闵政浩很诧异,不知道为何他要见自己,但他还是禀告了右议政大人后,私下里见了郑允寿一面。
郑允寿一改之前的意气风发,满身颓丧之气,他见闵政浩走来,便抓着监牢的木栅栏,说:“我做下了许多错事,现今悔之晚矣,这里我能相信的只有闵大人了。我会写一份认罪书,把我这些年知道的做过的都写出来,但我希望闵大人能够保证我这一路上的安全。”
闵政浩闻言问道:“你就不怕我过河拆桥吗?”
郑允寿闭了闭眼睛,说:“那也就只能说明我识人不清,作孽太多报应不爽。”
闵政浩想了想,说:“我答应你。”
闵政浩私下里联系了罗渊和张默,毕竟全罗道地界,张默的人手办事可靠。
没想到被郑允寿料中,流放一路上暗杀就没断过,在抵达罗州之后逃亡大明之前,他写了一份详尽的认罪书。
明惠看着这份认罪书,气的砸了一套青花瓷茶盏。又深恨洪景舟死的太早,吴兼护还没有得到惩处。然后她派人快马加鞭地把这封认罪书给张默送了来,由张默转交给了闵政浩。
这些腌臜事闵政浩并没有告诉他心爱的姑娘。长今只要每天开开心心做自己喜欢的事情就好。
郑允寿下台,太医正职位空虚,罗渊并不想当什么太医正,于是主动请辞,把院正的职位让给了申益必申教授。他还继续悠哉悠哉地当自己的院判和奶爸。

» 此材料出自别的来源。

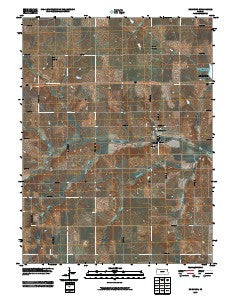 Robinson Kansas Historical topographic map, 1:24000 scale, 7.5 X 7.5 Minute, Year 2009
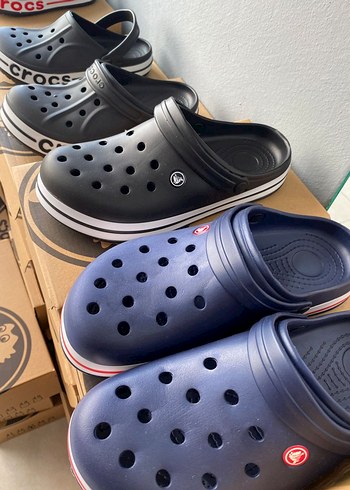 Crocs Erkek Terlikler, Kaydırmaz Taban, Renkli Mavi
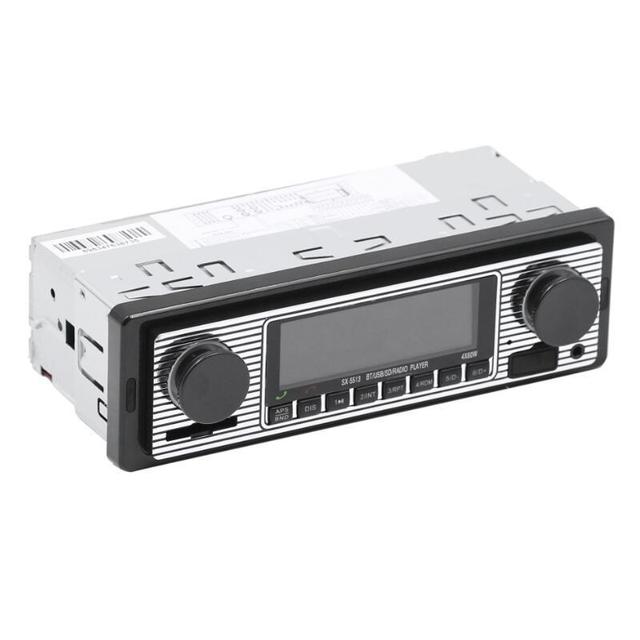 Cheap 1 Din Car MP3 Player with FM Transmitter USB Connection Remote Control BT Capability-Stereo Amplifier & Aux Features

长今终于有时间去看望自己的小姐妹连生,却发现连生脸色不对,一把脉才知道连生是怀孕了,但却服用了不少山楂制做的膳食,孕妇不宜食用山楂。长今怕连生担忧于怀胎不利,便决定私下里暗中寻查,走之前还嘱咐连生很多孕养知识。有惊无险,连生的怀孕让中宗和太后高兴得露出了笑脸。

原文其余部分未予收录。